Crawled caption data
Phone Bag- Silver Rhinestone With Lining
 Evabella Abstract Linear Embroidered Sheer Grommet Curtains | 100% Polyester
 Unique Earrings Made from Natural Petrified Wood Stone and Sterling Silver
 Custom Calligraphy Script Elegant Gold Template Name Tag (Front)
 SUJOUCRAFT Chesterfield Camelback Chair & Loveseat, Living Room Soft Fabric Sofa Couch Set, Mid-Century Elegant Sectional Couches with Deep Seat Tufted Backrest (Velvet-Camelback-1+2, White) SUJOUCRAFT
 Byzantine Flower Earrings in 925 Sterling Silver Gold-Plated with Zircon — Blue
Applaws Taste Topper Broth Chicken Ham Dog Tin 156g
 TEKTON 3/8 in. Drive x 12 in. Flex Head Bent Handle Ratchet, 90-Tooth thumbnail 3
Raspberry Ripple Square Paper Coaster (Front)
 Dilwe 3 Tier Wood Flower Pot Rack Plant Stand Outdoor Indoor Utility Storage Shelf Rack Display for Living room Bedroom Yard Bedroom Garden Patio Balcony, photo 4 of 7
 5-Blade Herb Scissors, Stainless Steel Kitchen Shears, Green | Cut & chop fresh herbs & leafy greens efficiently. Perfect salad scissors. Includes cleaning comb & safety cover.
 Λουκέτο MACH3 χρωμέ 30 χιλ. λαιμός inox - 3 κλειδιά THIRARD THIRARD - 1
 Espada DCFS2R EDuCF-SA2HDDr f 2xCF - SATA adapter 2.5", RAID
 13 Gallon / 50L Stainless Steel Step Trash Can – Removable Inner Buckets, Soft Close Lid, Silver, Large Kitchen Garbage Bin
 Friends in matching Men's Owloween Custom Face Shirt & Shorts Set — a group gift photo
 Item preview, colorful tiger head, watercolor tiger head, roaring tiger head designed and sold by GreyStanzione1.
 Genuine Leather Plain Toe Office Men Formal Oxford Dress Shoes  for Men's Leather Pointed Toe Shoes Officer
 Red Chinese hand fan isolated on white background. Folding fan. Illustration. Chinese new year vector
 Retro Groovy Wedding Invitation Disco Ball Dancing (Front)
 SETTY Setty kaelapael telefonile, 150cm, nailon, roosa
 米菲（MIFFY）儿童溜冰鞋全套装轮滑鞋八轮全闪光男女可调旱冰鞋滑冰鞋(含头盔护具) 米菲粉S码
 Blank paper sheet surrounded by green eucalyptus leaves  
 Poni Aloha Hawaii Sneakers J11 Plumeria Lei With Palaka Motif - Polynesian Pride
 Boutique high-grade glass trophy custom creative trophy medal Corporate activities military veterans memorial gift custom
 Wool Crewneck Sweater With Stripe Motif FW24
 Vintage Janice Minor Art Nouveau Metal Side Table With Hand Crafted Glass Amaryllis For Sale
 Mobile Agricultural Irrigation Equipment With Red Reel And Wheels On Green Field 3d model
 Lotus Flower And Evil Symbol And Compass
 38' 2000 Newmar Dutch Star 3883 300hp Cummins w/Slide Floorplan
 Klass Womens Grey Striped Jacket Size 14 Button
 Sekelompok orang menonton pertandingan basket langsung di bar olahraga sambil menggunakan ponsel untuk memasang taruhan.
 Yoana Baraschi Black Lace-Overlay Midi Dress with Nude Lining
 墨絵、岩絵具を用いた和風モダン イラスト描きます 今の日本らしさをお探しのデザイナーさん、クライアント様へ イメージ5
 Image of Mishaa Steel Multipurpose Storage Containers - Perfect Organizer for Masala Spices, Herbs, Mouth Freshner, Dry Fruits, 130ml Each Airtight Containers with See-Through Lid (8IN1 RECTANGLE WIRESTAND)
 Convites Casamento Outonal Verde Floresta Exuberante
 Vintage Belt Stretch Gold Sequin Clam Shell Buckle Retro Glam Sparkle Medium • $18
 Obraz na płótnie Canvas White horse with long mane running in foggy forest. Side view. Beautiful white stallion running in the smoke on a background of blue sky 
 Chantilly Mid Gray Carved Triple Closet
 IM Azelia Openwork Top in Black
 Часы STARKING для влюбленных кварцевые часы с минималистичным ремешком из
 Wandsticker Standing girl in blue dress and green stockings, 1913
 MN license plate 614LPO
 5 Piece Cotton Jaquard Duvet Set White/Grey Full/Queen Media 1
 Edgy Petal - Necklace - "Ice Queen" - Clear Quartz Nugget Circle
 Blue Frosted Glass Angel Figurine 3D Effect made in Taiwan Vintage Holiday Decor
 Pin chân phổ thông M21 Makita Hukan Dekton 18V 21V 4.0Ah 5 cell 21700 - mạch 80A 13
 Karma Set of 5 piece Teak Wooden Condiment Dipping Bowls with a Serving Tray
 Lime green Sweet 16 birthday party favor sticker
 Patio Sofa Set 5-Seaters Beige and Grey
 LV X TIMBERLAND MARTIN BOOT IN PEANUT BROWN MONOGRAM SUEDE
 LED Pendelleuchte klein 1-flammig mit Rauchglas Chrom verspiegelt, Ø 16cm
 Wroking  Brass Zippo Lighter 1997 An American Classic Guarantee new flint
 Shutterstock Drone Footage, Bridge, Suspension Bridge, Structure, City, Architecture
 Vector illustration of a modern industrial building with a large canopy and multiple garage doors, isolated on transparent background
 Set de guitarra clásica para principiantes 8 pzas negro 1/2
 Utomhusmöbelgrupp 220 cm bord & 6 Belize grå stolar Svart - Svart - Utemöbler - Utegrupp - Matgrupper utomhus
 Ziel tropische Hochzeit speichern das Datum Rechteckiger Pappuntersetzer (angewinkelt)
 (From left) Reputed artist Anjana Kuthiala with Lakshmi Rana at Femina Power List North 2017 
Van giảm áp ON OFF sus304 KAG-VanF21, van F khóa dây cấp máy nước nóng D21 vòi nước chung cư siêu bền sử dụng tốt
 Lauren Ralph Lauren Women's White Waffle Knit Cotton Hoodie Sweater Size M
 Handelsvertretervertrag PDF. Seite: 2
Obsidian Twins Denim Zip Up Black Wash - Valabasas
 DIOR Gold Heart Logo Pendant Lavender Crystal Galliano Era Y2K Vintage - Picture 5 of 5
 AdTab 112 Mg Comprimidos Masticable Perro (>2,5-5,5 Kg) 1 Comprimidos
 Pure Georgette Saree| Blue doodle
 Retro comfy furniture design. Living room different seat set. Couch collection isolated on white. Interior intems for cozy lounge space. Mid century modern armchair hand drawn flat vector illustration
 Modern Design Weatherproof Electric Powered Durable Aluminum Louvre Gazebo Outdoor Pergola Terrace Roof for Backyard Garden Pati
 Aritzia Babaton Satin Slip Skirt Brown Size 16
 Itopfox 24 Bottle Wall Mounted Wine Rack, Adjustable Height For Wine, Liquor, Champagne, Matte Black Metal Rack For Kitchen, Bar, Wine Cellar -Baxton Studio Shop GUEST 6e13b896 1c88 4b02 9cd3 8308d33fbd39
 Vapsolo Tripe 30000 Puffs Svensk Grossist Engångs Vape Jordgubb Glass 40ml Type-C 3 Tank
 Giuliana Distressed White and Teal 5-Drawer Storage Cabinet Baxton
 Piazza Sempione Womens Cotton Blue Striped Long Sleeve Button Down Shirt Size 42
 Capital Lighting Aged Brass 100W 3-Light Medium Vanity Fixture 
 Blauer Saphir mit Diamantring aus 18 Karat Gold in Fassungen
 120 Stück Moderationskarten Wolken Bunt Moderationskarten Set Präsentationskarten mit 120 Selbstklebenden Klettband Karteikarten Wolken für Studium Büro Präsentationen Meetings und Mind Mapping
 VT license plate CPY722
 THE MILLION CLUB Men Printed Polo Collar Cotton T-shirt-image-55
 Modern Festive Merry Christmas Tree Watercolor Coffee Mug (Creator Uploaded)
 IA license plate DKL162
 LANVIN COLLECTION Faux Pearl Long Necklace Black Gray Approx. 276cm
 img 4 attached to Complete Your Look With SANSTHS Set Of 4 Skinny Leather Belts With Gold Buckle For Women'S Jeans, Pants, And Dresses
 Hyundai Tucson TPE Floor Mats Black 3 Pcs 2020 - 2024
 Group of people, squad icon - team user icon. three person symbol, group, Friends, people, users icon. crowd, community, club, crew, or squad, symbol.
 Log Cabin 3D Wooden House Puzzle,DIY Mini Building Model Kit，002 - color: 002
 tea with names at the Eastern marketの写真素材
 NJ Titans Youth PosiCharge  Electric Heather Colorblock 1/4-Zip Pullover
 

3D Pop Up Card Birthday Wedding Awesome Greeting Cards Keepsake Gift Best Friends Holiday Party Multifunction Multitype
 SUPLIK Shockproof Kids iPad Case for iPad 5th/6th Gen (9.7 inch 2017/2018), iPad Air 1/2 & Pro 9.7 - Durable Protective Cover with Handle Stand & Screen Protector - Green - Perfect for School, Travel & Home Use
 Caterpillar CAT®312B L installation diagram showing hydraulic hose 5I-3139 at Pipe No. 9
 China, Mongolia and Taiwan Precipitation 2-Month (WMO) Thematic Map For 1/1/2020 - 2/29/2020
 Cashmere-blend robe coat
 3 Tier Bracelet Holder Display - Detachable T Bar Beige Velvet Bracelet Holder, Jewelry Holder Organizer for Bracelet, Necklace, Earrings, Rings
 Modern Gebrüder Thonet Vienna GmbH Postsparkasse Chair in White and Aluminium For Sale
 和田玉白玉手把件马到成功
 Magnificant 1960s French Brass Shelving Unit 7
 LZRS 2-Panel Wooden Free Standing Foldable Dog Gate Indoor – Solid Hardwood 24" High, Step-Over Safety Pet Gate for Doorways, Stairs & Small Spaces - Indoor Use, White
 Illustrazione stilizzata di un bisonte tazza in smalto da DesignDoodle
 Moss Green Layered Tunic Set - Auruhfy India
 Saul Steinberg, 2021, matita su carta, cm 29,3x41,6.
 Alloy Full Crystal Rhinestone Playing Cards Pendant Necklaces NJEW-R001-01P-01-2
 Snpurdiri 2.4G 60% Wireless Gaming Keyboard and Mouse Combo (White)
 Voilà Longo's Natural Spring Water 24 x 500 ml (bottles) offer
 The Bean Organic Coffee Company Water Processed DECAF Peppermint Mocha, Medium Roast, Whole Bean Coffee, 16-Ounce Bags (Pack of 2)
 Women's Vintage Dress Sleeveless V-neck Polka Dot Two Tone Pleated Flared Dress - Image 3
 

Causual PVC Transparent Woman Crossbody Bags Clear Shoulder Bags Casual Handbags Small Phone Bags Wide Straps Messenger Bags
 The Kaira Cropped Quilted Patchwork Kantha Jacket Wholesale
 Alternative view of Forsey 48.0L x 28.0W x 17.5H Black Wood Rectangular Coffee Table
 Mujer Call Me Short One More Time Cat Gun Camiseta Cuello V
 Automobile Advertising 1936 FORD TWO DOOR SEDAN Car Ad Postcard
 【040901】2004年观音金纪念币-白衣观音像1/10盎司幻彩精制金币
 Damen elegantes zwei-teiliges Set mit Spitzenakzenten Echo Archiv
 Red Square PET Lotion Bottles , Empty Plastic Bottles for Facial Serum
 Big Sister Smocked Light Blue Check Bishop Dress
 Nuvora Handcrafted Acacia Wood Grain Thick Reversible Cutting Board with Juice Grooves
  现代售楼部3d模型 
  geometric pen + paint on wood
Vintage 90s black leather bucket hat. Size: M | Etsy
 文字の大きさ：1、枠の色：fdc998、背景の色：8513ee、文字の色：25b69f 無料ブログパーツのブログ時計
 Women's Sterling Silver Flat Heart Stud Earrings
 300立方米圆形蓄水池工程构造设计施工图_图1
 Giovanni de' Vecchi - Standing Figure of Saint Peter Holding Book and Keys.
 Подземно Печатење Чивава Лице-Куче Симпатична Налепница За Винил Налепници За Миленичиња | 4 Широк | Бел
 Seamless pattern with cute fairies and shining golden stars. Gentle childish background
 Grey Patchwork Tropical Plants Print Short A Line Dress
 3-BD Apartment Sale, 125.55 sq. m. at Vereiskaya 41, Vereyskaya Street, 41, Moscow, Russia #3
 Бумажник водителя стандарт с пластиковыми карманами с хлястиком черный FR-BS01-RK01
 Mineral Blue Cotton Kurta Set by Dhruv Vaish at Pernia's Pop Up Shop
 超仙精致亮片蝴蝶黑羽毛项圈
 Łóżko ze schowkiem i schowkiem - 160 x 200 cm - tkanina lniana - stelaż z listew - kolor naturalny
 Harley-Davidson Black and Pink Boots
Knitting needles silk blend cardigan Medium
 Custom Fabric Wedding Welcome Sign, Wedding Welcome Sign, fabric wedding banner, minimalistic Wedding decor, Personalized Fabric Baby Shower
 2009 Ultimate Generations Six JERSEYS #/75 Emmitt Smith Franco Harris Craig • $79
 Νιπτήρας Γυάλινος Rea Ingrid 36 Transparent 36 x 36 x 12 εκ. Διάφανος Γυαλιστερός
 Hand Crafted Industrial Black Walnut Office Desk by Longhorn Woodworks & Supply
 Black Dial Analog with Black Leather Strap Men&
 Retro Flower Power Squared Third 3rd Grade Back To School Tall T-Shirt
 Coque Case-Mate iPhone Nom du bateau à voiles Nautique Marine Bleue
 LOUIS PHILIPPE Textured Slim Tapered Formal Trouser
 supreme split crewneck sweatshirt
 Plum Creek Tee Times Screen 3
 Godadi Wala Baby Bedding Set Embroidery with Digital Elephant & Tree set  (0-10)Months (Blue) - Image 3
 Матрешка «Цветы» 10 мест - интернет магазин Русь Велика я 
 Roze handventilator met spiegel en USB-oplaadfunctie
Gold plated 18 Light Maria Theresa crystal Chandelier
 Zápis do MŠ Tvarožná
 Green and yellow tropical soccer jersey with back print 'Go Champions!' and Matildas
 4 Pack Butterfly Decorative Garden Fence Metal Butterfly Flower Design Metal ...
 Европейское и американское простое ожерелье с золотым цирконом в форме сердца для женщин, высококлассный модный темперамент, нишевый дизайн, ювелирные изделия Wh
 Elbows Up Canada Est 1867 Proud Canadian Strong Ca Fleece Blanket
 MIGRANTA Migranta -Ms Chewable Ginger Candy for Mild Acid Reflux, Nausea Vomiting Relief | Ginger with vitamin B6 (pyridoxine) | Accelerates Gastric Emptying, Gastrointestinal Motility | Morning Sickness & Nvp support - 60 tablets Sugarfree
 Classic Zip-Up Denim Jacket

> [How to complete this task] Set down, exactly as they stand above, the lines starting with the line with "超仙精致亮片蝴蝶黑羽毛项圈" and going on through the line with "Black Dial Analog", and no others.

> [Output for this exercise]
 超仙精致亮片蝴蝶黑羽毛项圈
 Łóżko ze schowkiem i schowkiem - 160 x 200 cm - tkanina lniana - stelaż z listew - kolor naturalny
 Harley-Davidson Black and Pink Boots
Knitting needles silk blend cardigan Medium
 Custom Fabric Wedding Welcome Sign, Wedding Welcome Sign, fabric wedding banner, minimalistic Wedding decor, Personalized Fabric Baby Shower
 2009 Ultimate Generations Six JERSEYS #/75 Emmitt Smith Franco Harris Craig • $79
 Νιπτήρας Γυάλινος Rea Ingrid 36 Transparent 36 x 36 x 12 εκ. Διάφανος Γυαλιστερός
 Hand Crafted Industrial Black Walnut Office Desk by Longhorn Woodworks & Supply
 Black Dial Analog with Black Leather Strap Men&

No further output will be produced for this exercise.